AGREEMENT started in 2004 with an aim to film and acknowledge the important roles played by all the signatories of the Belfast Good Friday Agreement. The resulting artwork consists of 14 video portraits through which the audience reflects on each of the sitters, as the sitters reflect silently on their legacy.
This exhibition presents new work, entitled MEMENTO – AGREEMENT, involving a reflective drawing, text and printing process to revisit each of the video portraits undertaken by Dunsmore between 2004 and 2022.These reflective portraits are made from a mix of typed text, pen & ink portraits and map etchings.
This body of work offers ‘mementos’ of the meetings with (in order of filming)
- David Ervine, Progressive Unionist Party, 2004
- Lord Alderdice, Alliance Party of Northern Ireland, 2005
- Martin McGuinness, Sinn Féin, 2005
- John Hume, Social Democratic and Labour Party, 2005
- David Trimble, Ulster Unionist Party, 2017
- Senator George Mitchell, United States Special Envoy for Northern Ireland, 2018
- Monica McWilliams, Northern Ireland Women’s Coalition, 2005/2019
- Pearl Sagar, Northern Ireland Women’s Coalition, 2019
- Seamus Mallon Social Democratic and Labour Party, 2019
- Bertie Ahern, Fianna Fáil Taoiseach, 2019
- Gary McMichael, Ulster Democratic Party, 2022
- Malachi Curran, Labour Party of Northern Ireland, 2022
- Gerry Adams, Sinn Féin, 2022
The 14th is a posthumous portrait of Mo Mowlam, former Secretary of State for Northern Ireland, using cutting edge machine processes to make a digital portrait from archival film.
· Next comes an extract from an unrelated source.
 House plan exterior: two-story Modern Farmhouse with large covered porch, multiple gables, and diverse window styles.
MEMENTO – AGREEMENT is a series of 14 mixed media prints in a limited edition of 10.
The drawings are accompanied by a video installation of Billy's Museum, another artwork by Amanda Dunsmore that the AGREEMENT sitters viewed as their silent portraits were captured.
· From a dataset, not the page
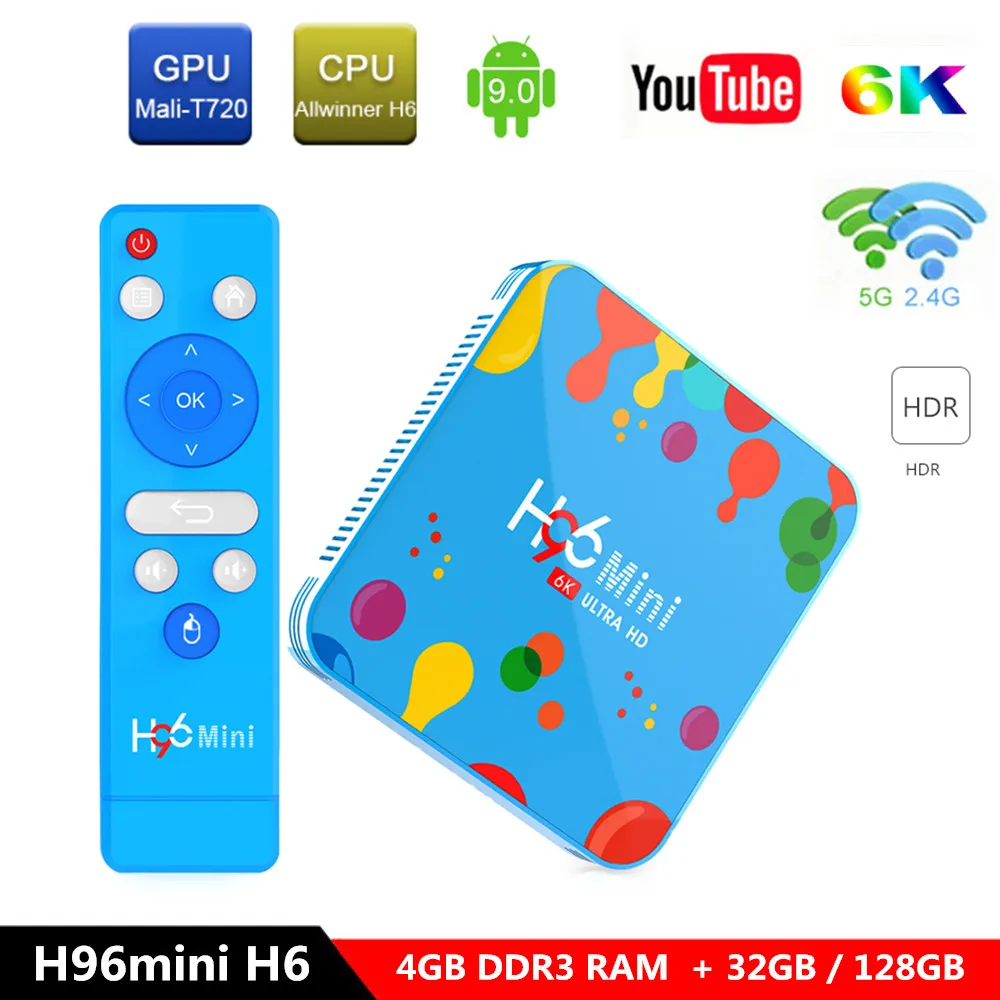 H96mini H6 Smart tv Box 4 Гб 128 Гб Allwinner H6 Android 9,0 2,4G+ 5G WiFi телеприставка BT4.0/Поддержка 6K 30fps 4 ГБ 32 ГБ коробка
Billy’s Museum (2004/re-mastered 2017, 2-channel audio, 4:3 video, 19:40 minutes)
Billy Hull was a senior prison officer in HMP Maze. Billy repeatedly disobeyed an order to destroy prison and prisoner materials he found over a period of fifteen years at the height of the conflict. Instead he saved them. Billy’s Museum shows the display Billy curated of these surviving objects alongside an interview with him. The artefacts represented in this artwork depict a scattered, non-linear biography of place, time, culture, ritual, routine, subterfuge, life and death.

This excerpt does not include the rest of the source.